Theatre Graduate Interprets Contemporary Art for
WHEN THE RENOWNED Museum of Glass (MOG) in Tacoma, Washington,
first sought a lead interpreter, it would have taken a forensic
artist to construct a reasonable likeness.
There were only scraps and glimpses of the ideal person in
mind: someone steeped in the visual, literary and performing arts;
a theatre professional able to connect with the public; an artist
of vision who could act, direct, write, teach and make contemporary
art accessible to tens of thousands of visitors each year.
Sam Vance ’96 got the job. He is a man with a bold imagination
and a rich, varied education. MOG exhibits change every three to
six months, and it is his job to think of compelling, educational
and, above all, original ways to interpret them. It might mean writing
and directing a one-act play to be performed over the course of an
exhibit’s run. Or, in the case of the exhibit called “Glass
of the Avant-Garde,” staging a reading of Kafka’s The
Metamorphosis, literature written in the same time period that the
glass works were created.
Asked if he has a passion for glass, Vance demurs, “I’m
not a glass blower, although I’ve done it just enough to appreciate
how difficult the process is.” But glass art is creative, and
Vance is nothing if not passionately creative. “My theatre
training at SPU built an essential creative foundation for much of
the work I’ve done since graduation,” Vance says. “I’ve
been given so many diverse opportunities to act, direct, write, design … the
list goes on.”
Along with wife and fellow artist Candace Eyre Vance ’95, he
has “paid the rent” and “pieced together” a
career in the arts by remaining artistically flexible and receiving “a
good dose of God’s grace.” His newest projects for the
MOG are writing and directing a short film that will interpret the
artwork of Sandy Skoglund, and writing/directing a one-act play based
on the work of local artist Marita Dingus, utilizing found objects.

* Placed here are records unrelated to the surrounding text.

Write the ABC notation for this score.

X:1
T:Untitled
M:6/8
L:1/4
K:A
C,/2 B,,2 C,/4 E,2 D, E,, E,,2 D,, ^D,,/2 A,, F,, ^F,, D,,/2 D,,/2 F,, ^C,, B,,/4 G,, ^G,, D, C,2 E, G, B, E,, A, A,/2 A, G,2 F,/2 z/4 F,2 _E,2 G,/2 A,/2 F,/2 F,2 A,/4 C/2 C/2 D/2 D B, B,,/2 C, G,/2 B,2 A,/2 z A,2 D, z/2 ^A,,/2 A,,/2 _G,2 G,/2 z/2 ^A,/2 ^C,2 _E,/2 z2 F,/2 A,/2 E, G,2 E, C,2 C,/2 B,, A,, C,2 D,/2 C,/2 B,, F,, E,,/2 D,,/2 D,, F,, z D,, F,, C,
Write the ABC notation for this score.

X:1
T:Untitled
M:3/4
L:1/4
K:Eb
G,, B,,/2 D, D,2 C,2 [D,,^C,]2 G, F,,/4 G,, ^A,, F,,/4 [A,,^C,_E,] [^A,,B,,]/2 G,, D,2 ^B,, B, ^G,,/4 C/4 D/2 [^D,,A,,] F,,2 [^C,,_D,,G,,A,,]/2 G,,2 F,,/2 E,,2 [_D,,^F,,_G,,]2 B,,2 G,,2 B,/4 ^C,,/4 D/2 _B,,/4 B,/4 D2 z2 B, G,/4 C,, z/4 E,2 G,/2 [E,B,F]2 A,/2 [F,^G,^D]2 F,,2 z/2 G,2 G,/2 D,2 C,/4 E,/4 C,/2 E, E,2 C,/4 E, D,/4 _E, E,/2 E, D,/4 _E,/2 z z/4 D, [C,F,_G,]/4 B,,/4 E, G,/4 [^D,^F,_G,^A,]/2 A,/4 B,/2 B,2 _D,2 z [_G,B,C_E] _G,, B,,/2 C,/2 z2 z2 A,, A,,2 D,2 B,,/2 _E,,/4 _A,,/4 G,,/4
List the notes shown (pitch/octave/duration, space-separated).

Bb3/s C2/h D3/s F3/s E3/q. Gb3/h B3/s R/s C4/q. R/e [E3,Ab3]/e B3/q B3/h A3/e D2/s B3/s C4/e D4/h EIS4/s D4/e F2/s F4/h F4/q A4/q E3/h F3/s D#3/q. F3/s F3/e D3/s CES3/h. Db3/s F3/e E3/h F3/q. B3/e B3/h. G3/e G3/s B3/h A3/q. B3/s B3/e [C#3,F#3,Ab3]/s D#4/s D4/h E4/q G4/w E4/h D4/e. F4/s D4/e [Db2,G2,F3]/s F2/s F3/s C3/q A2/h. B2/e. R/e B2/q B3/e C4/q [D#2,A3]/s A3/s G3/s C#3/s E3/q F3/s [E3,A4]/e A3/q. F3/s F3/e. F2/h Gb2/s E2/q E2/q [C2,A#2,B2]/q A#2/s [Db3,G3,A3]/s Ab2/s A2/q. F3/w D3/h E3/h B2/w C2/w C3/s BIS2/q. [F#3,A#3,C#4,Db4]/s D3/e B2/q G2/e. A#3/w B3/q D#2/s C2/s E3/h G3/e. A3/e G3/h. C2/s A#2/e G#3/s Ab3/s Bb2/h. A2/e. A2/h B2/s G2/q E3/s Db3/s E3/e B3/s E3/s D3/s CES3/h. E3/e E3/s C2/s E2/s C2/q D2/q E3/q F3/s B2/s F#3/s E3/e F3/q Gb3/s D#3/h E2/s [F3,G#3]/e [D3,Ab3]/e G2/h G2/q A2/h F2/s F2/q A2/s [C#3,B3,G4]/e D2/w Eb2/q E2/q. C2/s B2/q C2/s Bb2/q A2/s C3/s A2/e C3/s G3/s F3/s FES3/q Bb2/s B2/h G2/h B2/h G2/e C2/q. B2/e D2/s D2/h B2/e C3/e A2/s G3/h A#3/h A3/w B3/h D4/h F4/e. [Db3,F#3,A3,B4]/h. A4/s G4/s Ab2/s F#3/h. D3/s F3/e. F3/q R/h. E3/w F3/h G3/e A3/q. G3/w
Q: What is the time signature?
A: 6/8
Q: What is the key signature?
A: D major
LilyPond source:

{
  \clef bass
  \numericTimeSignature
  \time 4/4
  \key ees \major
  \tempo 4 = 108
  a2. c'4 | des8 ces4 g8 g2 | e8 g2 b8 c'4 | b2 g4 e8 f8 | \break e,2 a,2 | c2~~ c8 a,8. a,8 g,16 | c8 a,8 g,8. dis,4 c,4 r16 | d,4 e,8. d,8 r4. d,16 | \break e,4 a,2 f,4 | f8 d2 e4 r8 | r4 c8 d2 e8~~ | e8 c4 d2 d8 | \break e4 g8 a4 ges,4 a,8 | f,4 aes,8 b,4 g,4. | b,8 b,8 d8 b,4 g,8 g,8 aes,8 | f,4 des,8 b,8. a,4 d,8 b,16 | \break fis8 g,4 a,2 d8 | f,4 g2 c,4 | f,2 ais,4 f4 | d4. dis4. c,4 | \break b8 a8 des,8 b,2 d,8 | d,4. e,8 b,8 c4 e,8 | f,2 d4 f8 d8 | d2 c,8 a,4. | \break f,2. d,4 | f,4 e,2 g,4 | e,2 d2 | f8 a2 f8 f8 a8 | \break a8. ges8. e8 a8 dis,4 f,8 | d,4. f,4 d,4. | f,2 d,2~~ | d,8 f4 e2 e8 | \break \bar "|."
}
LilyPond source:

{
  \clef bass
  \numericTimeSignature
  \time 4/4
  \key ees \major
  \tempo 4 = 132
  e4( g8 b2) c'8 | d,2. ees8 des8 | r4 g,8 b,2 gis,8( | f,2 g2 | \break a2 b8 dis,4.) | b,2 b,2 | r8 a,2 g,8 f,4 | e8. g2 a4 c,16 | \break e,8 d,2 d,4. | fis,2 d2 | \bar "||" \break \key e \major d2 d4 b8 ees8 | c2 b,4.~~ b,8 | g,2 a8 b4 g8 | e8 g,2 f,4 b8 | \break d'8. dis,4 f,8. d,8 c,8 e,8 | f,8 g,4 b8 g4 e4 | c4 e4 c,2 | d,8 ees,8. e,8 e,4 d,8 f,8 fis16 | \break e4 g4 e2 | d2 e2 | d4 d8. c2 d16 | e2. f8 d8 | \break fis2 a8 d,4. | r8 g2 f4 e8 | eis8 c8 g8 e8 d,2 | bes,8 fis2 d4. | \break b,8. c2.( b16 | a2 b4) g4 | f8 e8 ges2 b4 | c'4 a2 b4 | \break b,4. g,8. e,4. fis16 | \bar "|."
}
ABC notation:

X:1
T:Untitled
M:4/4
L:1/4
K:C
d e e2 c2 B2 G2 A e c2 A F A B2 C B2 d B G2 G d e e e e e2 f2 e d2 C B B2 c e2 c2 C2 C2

Considered one of the seven design “Wonders of the World 2003” by
Condé Nast Traveler magazine, the MOG employs a crack security
team that keeps a sharp eye on the breakables. Vance and other museum
employees constantly deal with the misconception that famed glass
artisan Dale Chihuly actually lives in the building. Though
the MOG was partly built in recognition of Chihuly’s standing
in the art world, Vance must often tell hopeful visitors that no,
the great man himself cannot “come down” and sign autographs.
Vance may have a one-of-a-kind-job, but for creative expression that
can’t be beat, the curtain just rose on the arrival of the
couple’s first child, Max, in November.